- Film poster
- Genre: Drama
- Based on: The 19th Wife by David Ebershoff
- Written by: Richard Friedenberg
- Directed by: Rod Holcomb
- Starring: Chyler Leigh; Matt Czuchry; Patricia Wettig; Jeff Hephner;
- Music by: Steve Porcaro
- Country of origin: United States
- Original language: English

Production
- Executive producers: Barbara Lieberman; Andrea Baynes;
- Producer: Brian Leslie Parker
- Cinematography: Peter Benison
- Editor: Victor Du Bois
- Running time: 95 minutes
- Production company: Sony Pictures Television

Original release
- Network: Lifetime
- Release: September 13, 2010

= The 19th Wife (film) =

The 19th Wife is a 2010 American drama television film directed by Rod Holcomb and written by Richard Friedenberg, based on David Ebershoff's 2008 novel of the same name. It aired on Lifetime on September 13, 2010.

==Plot==
Amidst a Southern Utah Fundamentalist Church of Jesus Christ of Latter-Day Saints community, BeckyLyn (Wettig) is accused of murdering her polygamist husband. A fellow wife, Queenie (Leigh) is convinced of her friend's innocence and with BeckyLyn's son, Jordan (Czuchry) they work to clear his mother's name.

==Cast==
- Chyler Leigh as Queenie
- Matt Czuchry as Jordan
- Patricia Wettig as BeckyLyn
- Jeff Hephner as Hiram
- John Bourgeois as Brigham Young

==Reception==
The Huffington Post praised the "impressive" cast for bringing "life and credence to this fascinating story of murder and faith". The review continued: "It is fascinating to watch from beginning to end not just because of the "whodunit" factor but also because of the religious implications.

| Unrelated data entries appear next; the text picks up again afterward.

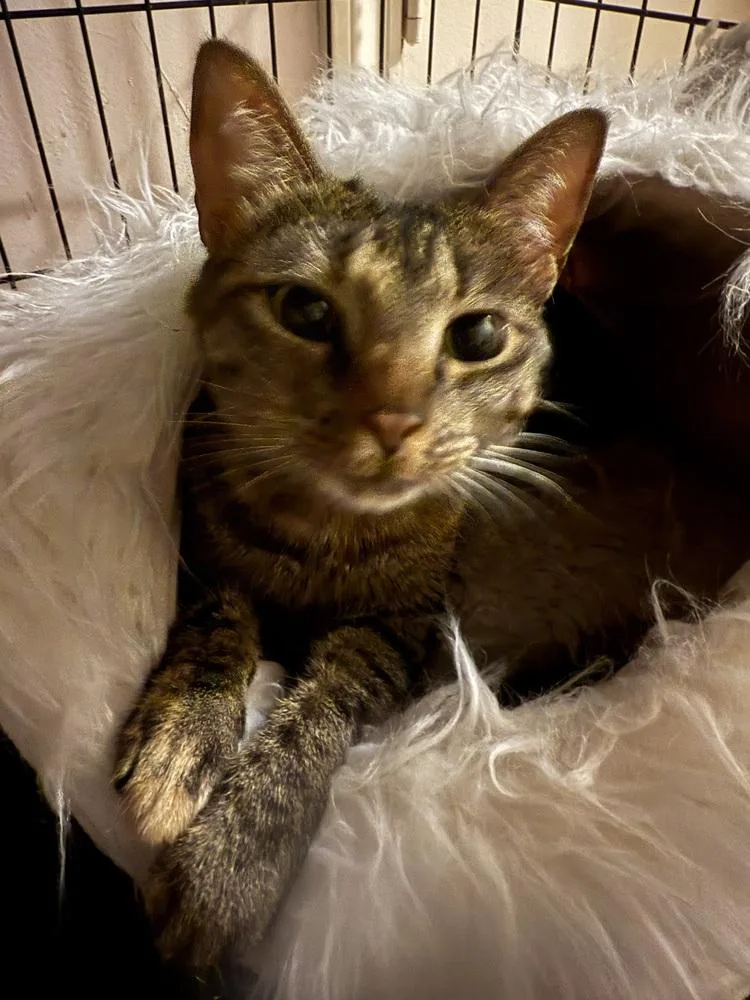 Roxie Cain thumbnail 2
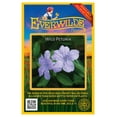 thumbnail image 1 of Everwilde Farms - 100 Wild Petunia Native Wildflower Seeds - Gold Vault Seed Packet, 1 of 5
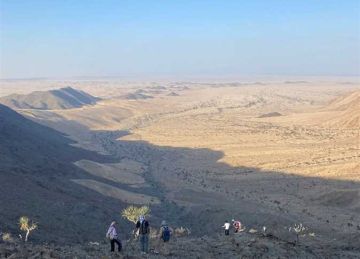 اليوم.. النطق بالحكم على 27 متهما لحيازتهم سيانيد وزئبق للتنقيب عن الذهب بالبحر الأحمر اليوم.. النطق بالحكم على 27 متهما لحيازتهم سيانيد وزئبق للتنقيب عن الذهب بالبحر الأحمر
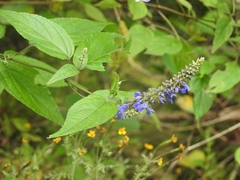 Salvia connivens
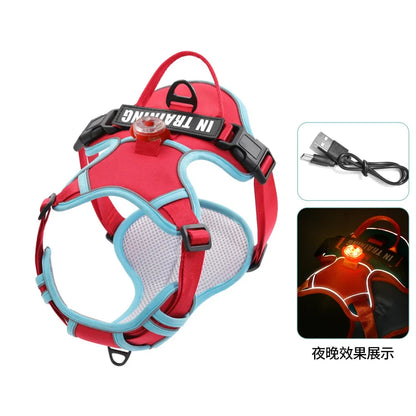 USB Rechargeable LED Dog Harness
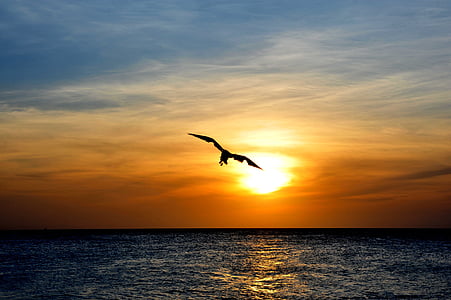 silhouette photo of bird flying on sea during golden hour thumbnail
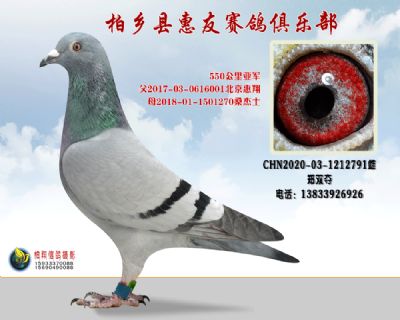 550公里亚军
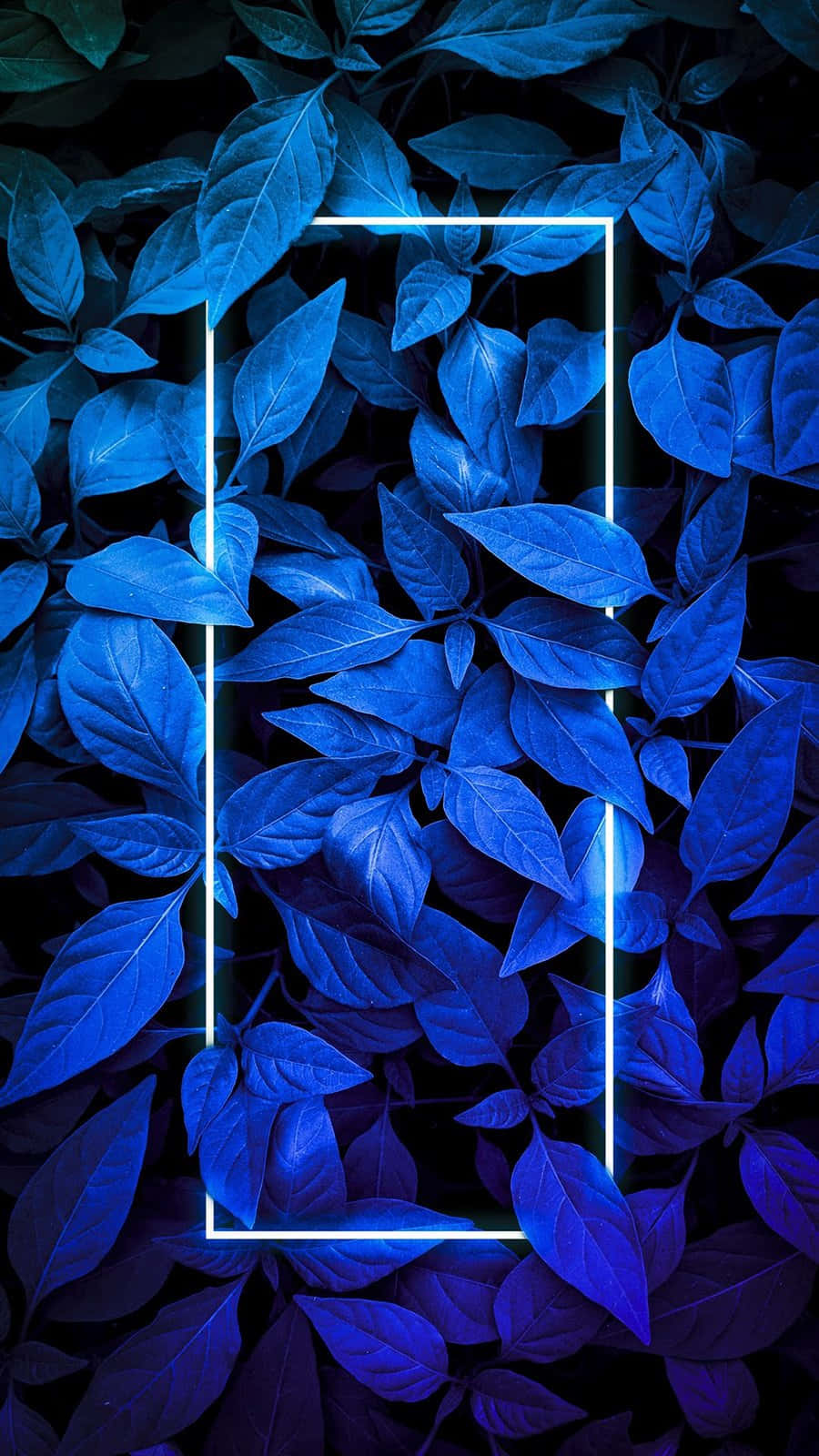 Blue Leaf Glow Neon Frame Wallpaper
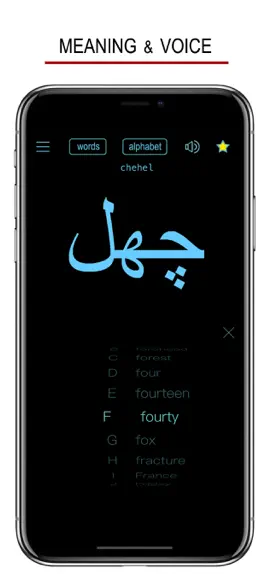 Game screenshot Persian Words & Writing hack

Plus the cast strikes just the right tone of intensity and natural charm."

Monsters and Critics described it posively as a "sweeping epic" that is both "compelling" and "thought-provoking."

Ebsershoff, the author of the original novel, was not satisfied with the film over significant plot changes the producers made. Most significantly of these was to exclude Jordan's homosexuality, as presented in the novel, and present him as a heterosexual character.

Ebsershoff explained his disapproval in an interview:I had no role in the adaptation. A few weeks before filming began I learned that Jordan had been rewritten as straight. I was told that this was a network decision. Obviously I was offended, disappointed, and baffled. I hope that the movie sends people to the book so that they can meet my Jordan, along with his boyfriend, Tom, and their dogs, Elektra and Joey.